Monday, Aug. 12, 1946
Museum Pieces, Homemade
In the early Machine Age days when most U.S. citizens were artists and craftsmen because they had to be, few of them thought much about art. They made quilts, candlesticks and rocking chairs beautiful out of respect for the crafts their parents had taught them plus an instinct for simple utility. This week 111 carefully detailed watercolors of their works went on view in Washington's National Gallery, labeled art with a capital A.
During the depression, some 1,000 WPA artists helped ferret the dusty, peeling masterpieces from Shaker barns, Manhattan antique shops, Southern California missions and New England historical societies, and sketched them according to rigid specifications.

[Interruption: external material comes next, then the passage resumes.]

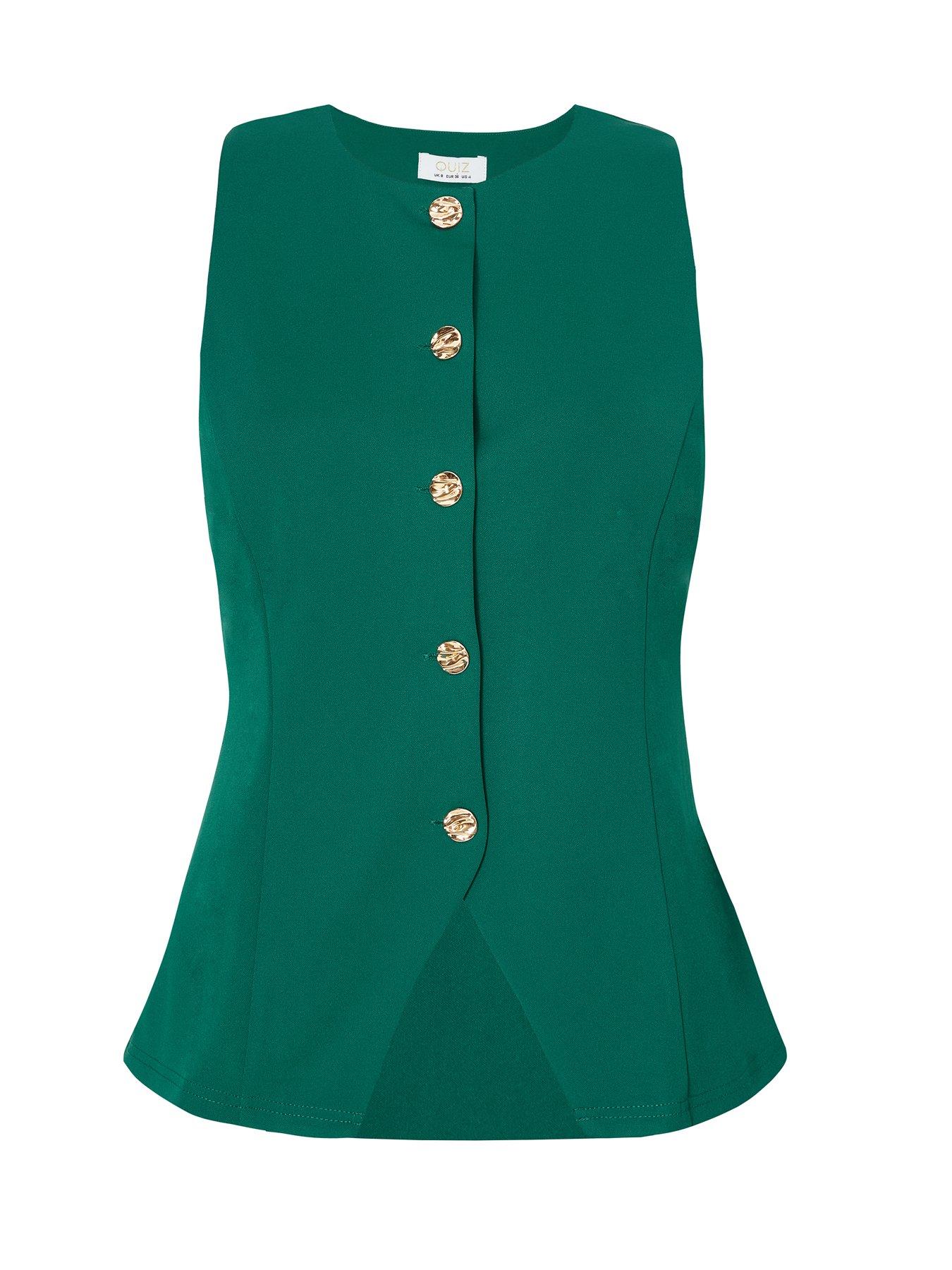 Image 4 of 6 of Quiz Petite Bottle Green Button Front Waistcoat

Put together for the National Gallery as an enormous Index of American Design, which artists and manufacturers can study in one place instead of seeking out the scattered originals, it makes a file of about 22,000 pencil and watercolor copies of 17th, 18th and 19th Century homemade art. Some of the collection has been seen before (notably at Manhattan's Metropolitan Museum); other parts will eventually be reproduced in a companion volume to the National Gallery's Masterpieces of Art.
WPA's painted record turned out to be cheaper than color photographs, and had some of the infinite variety and savor of the handmade stuff--alongside which most modern mass produced items looked blandly dull.
At $60 to $94 a month, artists spared no pains to reproduce the intricate, scaly silhouette of an Indian archer weather vane, the plump tarnished elegance of a cigar store squaw, or the streamlined rush of the rooster carved by a Vermont cabinetmaker for a horse-drawn carrousel at a St. Johnsbury fair.